Issue of Shares with differential rights
During the year under review, the Company has not issued equity shares with
differential rights.
Issue of Sweat Equity Shares
During the year under review, the Company has not issued Sweat Equity Shares.
Issue of Employee Stock Options
During the year under review, the Company has not issued any shares under Employee
Stock Option.
FINANCE AND INSURANCE
The Company has been financed by State Bank of India and HDFC Bank Limited.
All insurable interests of the Company, including plant and machinery, building,
stocks, vehicles, stores and spares have been adequately insured against various risks and
perils.
PUBLIC DEPOSITS
The Company has not accepted deposit from public during the year and there was no
deposit outstanding on March 31, 2023.
SUBSIDIARY COMPANIES
During the year under review the Company does not have any subsidiary.
CERTIFICATIONS
During the year under review the Company have its quality certifications of ISO
9001:2015, certification for environment management system of ISO 14001:2015 and
certification for occupation, health & safety of ISO 45001:2018.
EXPORT HOUSE STATUS
The Company has the status of "Two Star Export House" by Office of Additional
Director General of Foreign Trade, Ahmedabad, in accordance with provisions of Foreign
Trade Policy 2015-2020. This status is valid till November 8, 2027.
CREDIT RATING
The CARE Ratings Limited has reviewed the ratings on the bank facilities of the Company
and revised the rating as CARE A; Stable/CARE A1 to the long term/short term bank
facilities.
LISTING
The Equity Shares of the Company continue to be listed on BSE Limited (BSE) and
National Stock Exchange of India Limited (NSE) and required Listing Fees for the year
2023-24 has been paid.
PARTICULARS OF CONSERVATION OF ENERGY, TECHNOLOGY ABSORPTION AND FOREIGN EXCHANGE
EARNINGS AND OUTGO
The particulars as prescribed under Sub-section (3)(m) of Section 134 of the Companies
Act, 2013, read with the Companies (Accounts) Rules, 2014, are enclosed as "Annexure
A" to the Board's report.
RISK MANAGEMENT
We believe that risk management is an integral part of our operations. It is essential
to identify and manage risks in order to reduce uncertainties and ensure continuity of
business. We have a risk management framework and team that implements the processes
specified in the framework. Further details are set out in the Management Discussion and
Analysis Report forming part of the Directors' Report.
CORPORATE SOCIAL RESPONSIBILITY INITIATIVES
In accordance with the provisions of Section 135 of the Companies Act, 2013 and the
rules framed there under the Company has a Corporate Social Responsibility Committee of
Directors.
The composition of the CSR committee, as per the applicable provisions of the Act and
Rules, is as follows:
Mrs.
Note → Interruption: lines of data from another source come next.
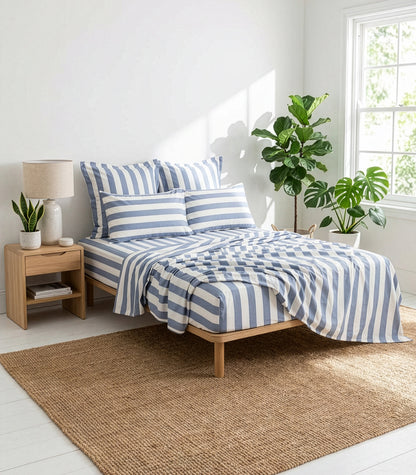Sateen Sheet Set - Luxe - Limited Edition - Blue Stripe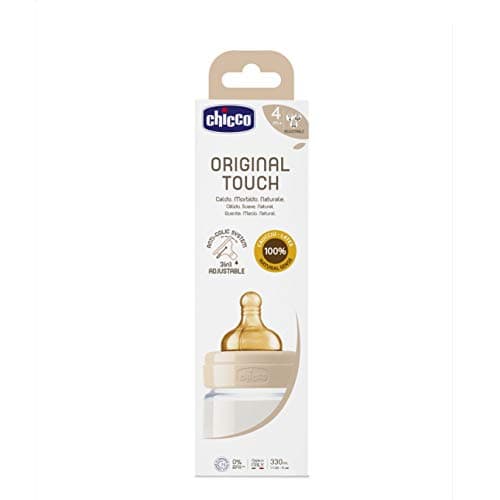 Chicco Original Touch Anti-Colic Bottle with Rubber Teat, 100% Natural Rubber Teat, 4 Months Adjustable Flow Bottle + Bottle with Plastic Bottle 330 ml, Beige - Image 4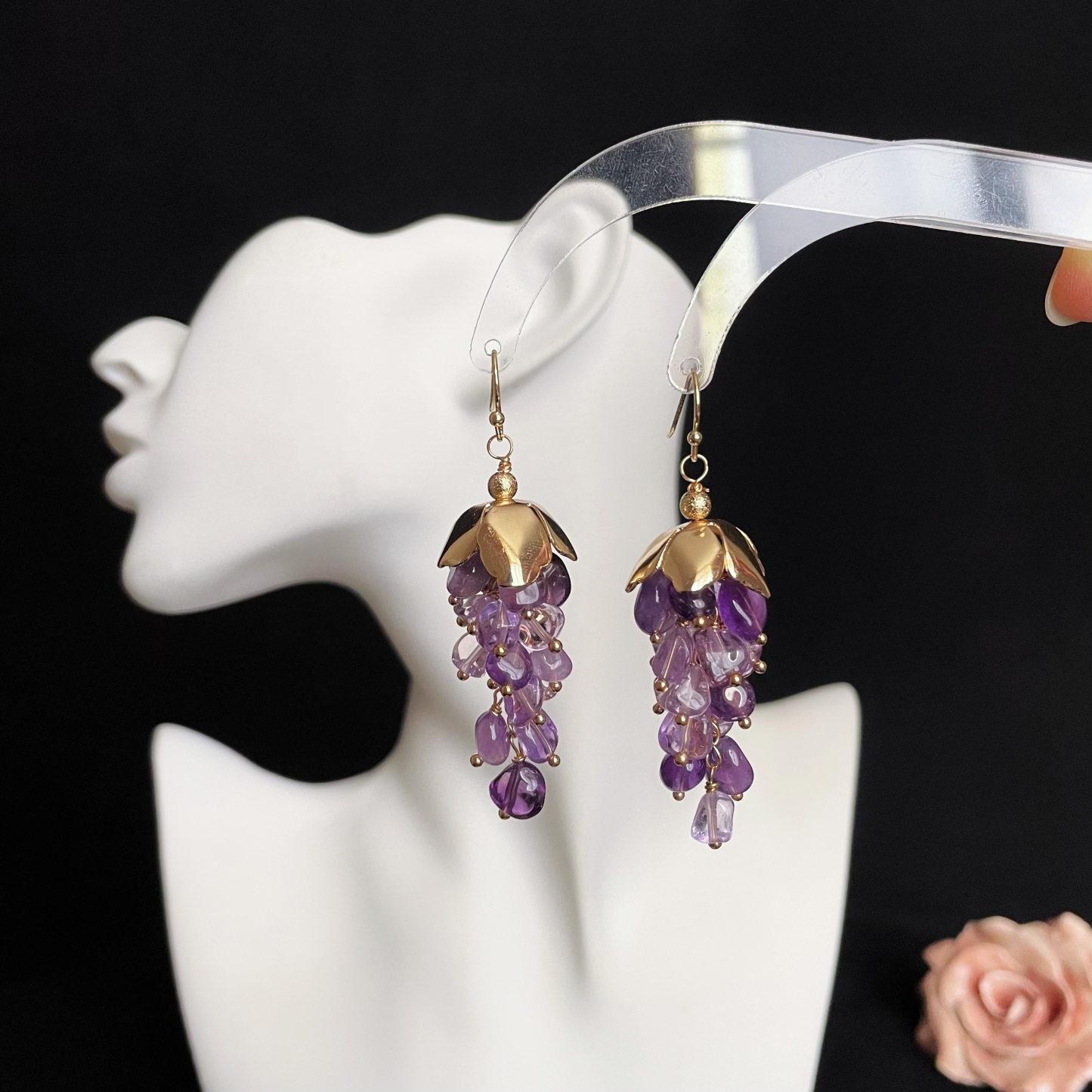 Handmade Amethyst Grape Cluster Earrings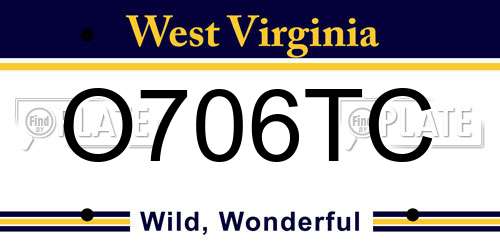 O706TC West Virginia License Plate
Paru M. Jaykrishna- Chairperson Mr. Gautam Jain- Member Ms. Maitri K. Mehta-
Member
A detailed note on the Board and its committees is provided under the Corporate
Governance Report section in this Annual Report.
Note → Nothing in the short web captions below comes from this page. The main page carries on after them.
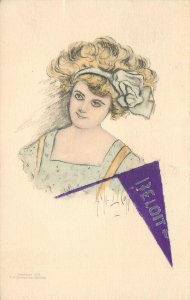 Postcard Beloit Wisconsin 1910 Pretty Woman booster Pennant hand 22-14111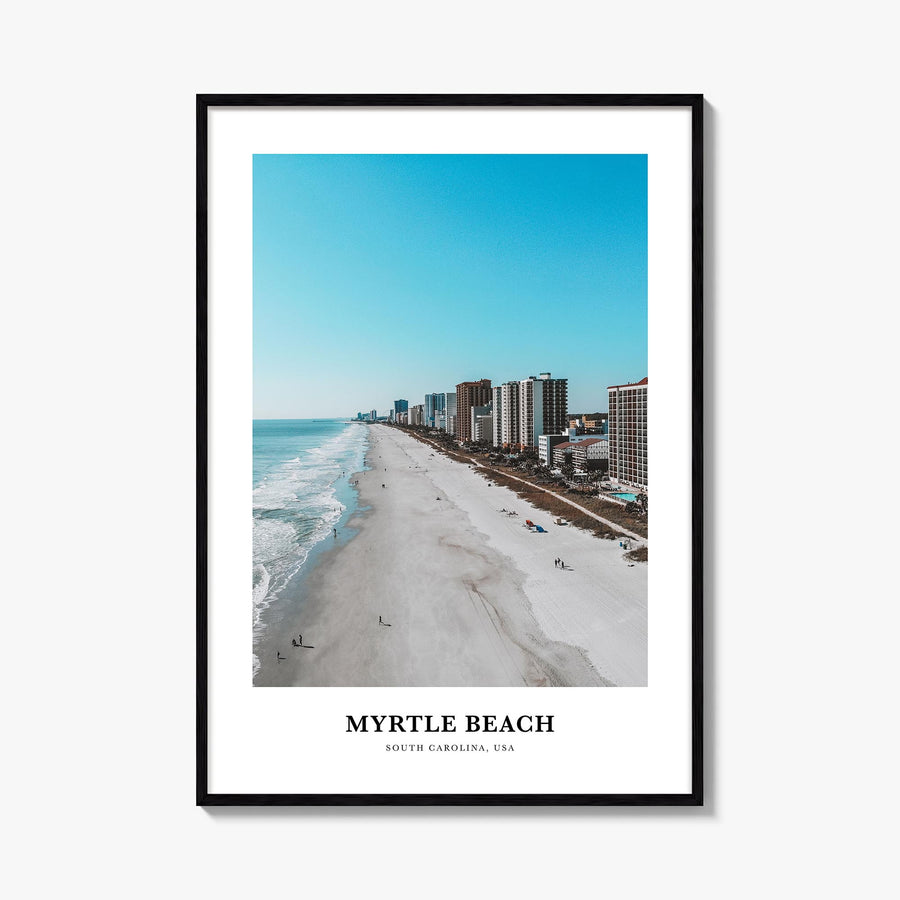 Myrtle Beach colorful classic poster of South Carolina, USA – vertical wall art, unframed print shown in interior mockup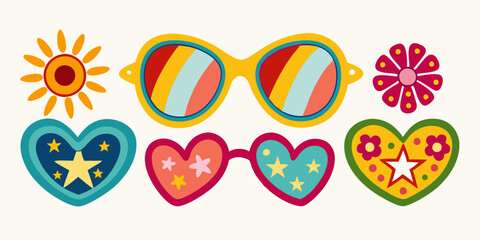 Groovy sunglasses set, vector retro hippy glasses sticker, doodle funky vintage disco accessories. Trippy boho eye, summer psychedelic eyeglasses, heart star shape eyewear kit. Fun groovy sunglasses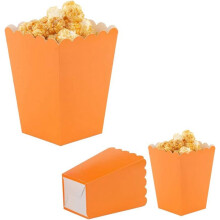Orange Popcorn Boxes 24 Pack, 4.1" Disposable Snack Containers for Movie Night, Birthday Party Favors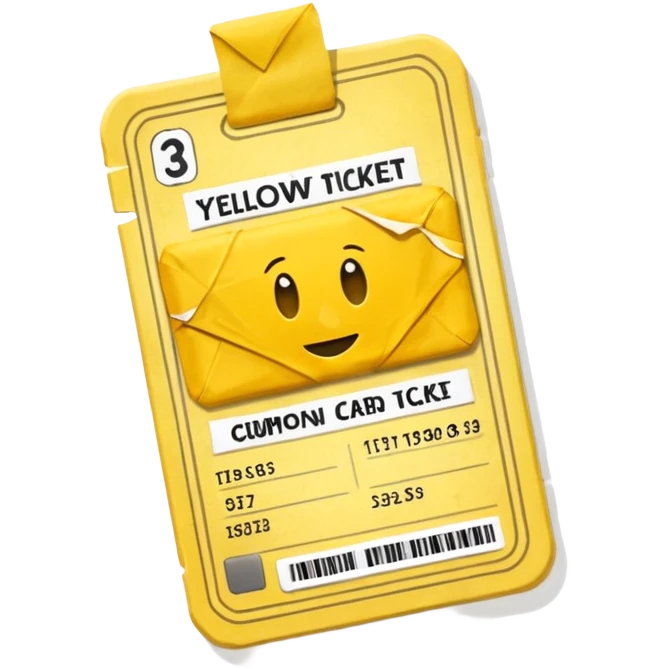 yellow card ticket iPhone style emoji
Mrs. Paru M. Jaykrishna - Chairperson, Mr. Gautam Jain and Ms. Maitri K. Mehta has
inter alia also formulated a CSR Policy.
The Company is not required to deposit any amount in a separate Bank account opened
with a Scheduled Bank in Compliance with CSR Rules 2021 for the CSR identified projects.
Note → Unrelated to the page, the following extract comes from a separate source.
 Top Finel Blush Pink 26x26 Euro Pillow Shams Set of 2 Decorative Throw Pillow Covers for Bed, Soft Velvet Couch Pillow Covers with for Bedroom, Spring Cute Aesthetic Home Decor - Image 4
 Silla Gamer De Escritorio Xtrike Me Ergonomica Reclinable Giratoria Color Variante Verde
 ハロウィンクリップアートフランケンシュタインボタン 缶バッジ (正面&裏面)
Pursuant to sub-rule (1B) of Rule 12 of Companies (Accounts) Rules, 2014, the Company
has submitted the Report on Corporate Social Responsibility (CSR) through web form CSR 2
for the financial year 2021-22.
The role of the CSR Committee is to review the CSR policy, indicate activities to be
undertaken by the Company towards CSR activities and formulate a transparent monitoring
mechanism to ensure implementation of projects and activities undertaken by the Company
towards CSR initiatives.
The Report on CSR Activities, which forms part of the Directors' Report, is annexed as
"Annexure B" to this report.
POLICY ON APPOINTMENT AND REMUNERATION OF DIRECTORS AND KEY MANAGERIAL PERSONEL
The Board has on the recommendation of the Nomination and Remuneration Committee framed
a policy on selection and appointment of Directors, Senior Management and their
remuneration. The Nomination and Remuneration Policy is put up on the website of the
Company at: www.aksharchemindia.com.
The details of programmes for familiarisation of Independent Directors with the
Company, their roles, rights, responsibilities in the Company, nature of the industry in
which the Company operates, business model of the Company and related matters are put up
on the website of the Company at: www.aksharchemindia.com
DIVERSITY OF THE BOARD
The Company recognises and embraces the benefit of having a diverse Board of Directors
and views increasing diversity at the Board level as an essential element in maintaining
competitive advantage in the Business in which it operates. This Policy is put up on the
website of the Company at: www.aksharchemindia.com
DISCLOSURES ON MANAGERIAL REMUNERATION
Details of Managerial Remuneration as required under Section 197 (12) of the Companies
Act, 2013 read with Rule 5(1) of the Companies (Appointment and Remuneration of Managerial
Personnel) Rules, 2014 is given as per "Annexure C" to this report.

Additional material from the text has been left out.